Of course, legitimate buyers still need to be able to find this liquidity. So a plethora of companies have started to offer “dark aggregation” services, which use their own algorithms to find out where these large blocks are hidden. This is technically challenging, says Balarkas. “In a perverse sort of way, it’s designed to be found, but not to let you know that it’s there.” After all, if you can find it, then in theory so can anyone else. The other side of the coin is that buyers need to ensure they don’t reveal what they’re looking for, for fear of pushing the price up.

Instinet’s NightHawk system uses probabilistic analysis to create what Balarkas calls “thermal maps” of where the dark stuff is. For any firm to reveal precisely how these algorithms work would amount to commercial suicide, he says. But what works in the favour of these dark aggregators is that their orders are legitimate, so they can afford to probe for larger amounts of stock; statistical arbitrage firms, who may not actually be interested in bulk buying, need to minimise their expenditures.

Another approach is to integrate visible and dark pools. This is what Turquoise will offer, allowing buyers to see small stock orders and their prices, but letting them ask for larger quantities than those publicly offered. They may just end up with the small amount of stock that’s visible, but if there are larger blocks of stock floating in the dark pool, they will walk away with a much larger chunk, potentially at a better price than they originally offered.

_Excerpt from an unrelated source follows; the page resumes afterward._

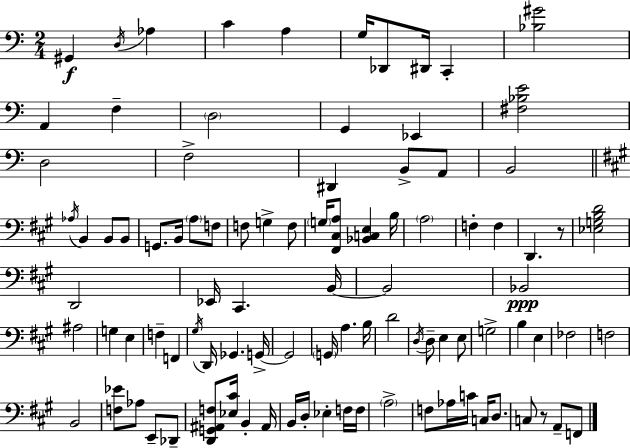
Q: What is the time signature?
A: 2/4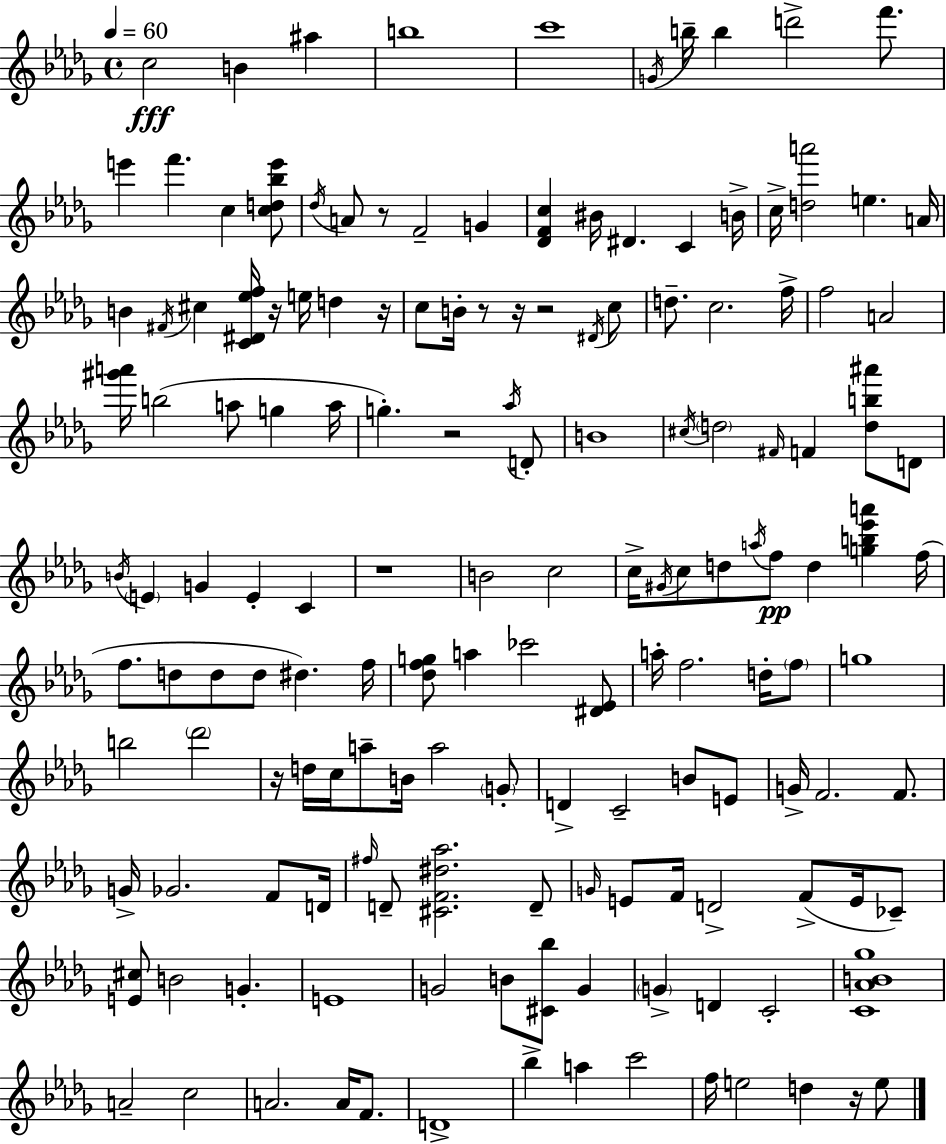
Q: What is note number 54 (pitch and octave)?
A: G4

This integration offers customers the best possible prices, according to Yann L’Huillier, Turquoise’s chief technology officer. “You get the best of everything in a one-stop shop,” he says. But such a radical approach is bound to unsettle market supervisors. About four years ago, L’Huillier was involved in an effort to create a similarly integrated pool at the Boston Stock Exchange, but the move was vetoed by the US Securities and Exchange Commission. “Back then the SEC was afraid of the dark,” he says.

There may still be cause for concern. “Dark pools are in a certain way parasitic,” says Farmer, because their participants rely on public markets to provide reference prices, but their transactions don’t contribute directly to the public prices that most investors see. So public prices may not accurately represent the true value of stocks. “If things get too far out of hand, governments would have to start to create rules prohibiting dark pool activity,” says Farmer.